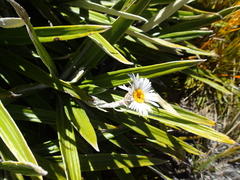 Celmisia spectabilis magnifica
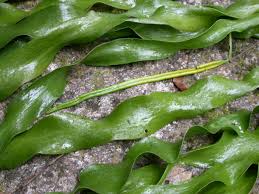 Image result for Ophioglossum costatum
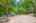 Blurred preview of media: 2-726-1155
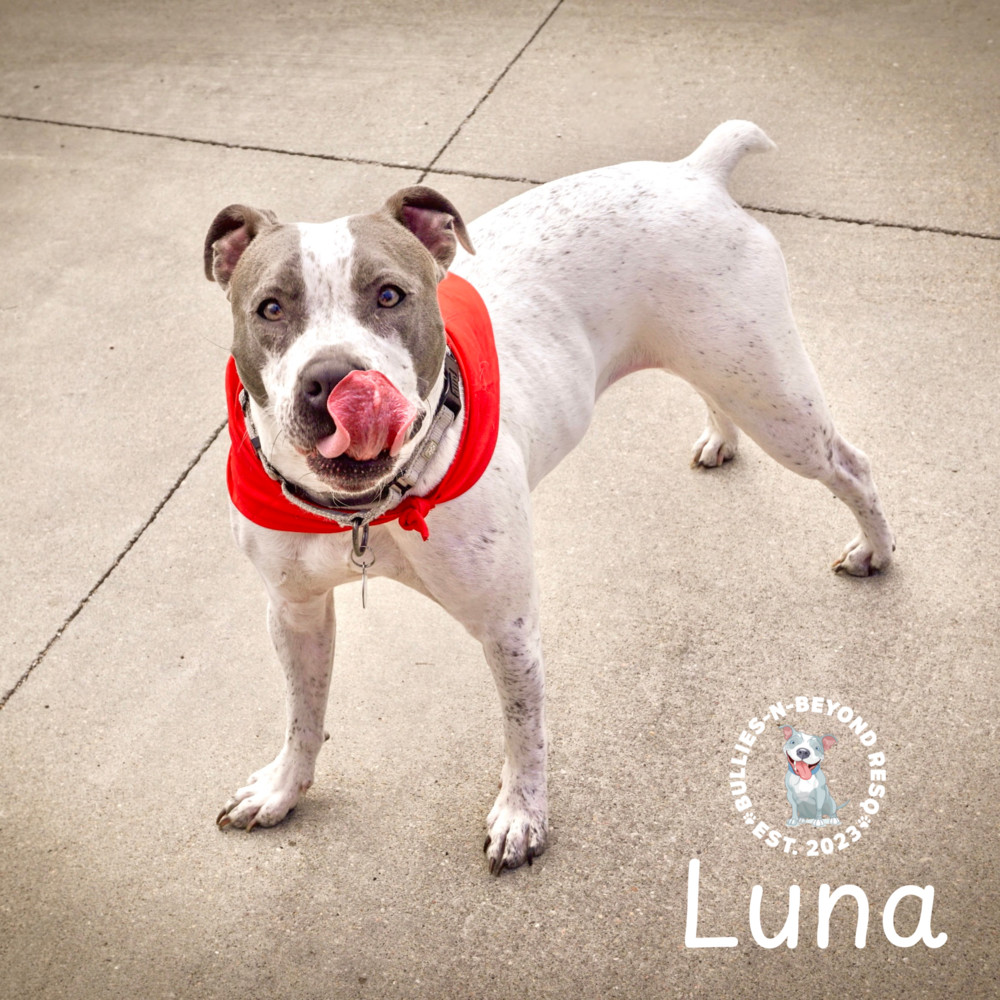 Luna, an adoptable Pit Bull Terrier in Omaha, NE, 68116 | Photo Image 6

▶ **TASK INSTRUCTIONS**
The answer should be the full material above, printed exactly, with no pictures in it.

▶ **TASK RESPONSE**
 Celmisia spectabilis magnifica
 Image result for Ophioglossum costatum
 Blurred preview of media: 2-726-1155
 Luna, an adoptable Pit Bull Terrier in Omaha, NE, 68116 | Photo Image 6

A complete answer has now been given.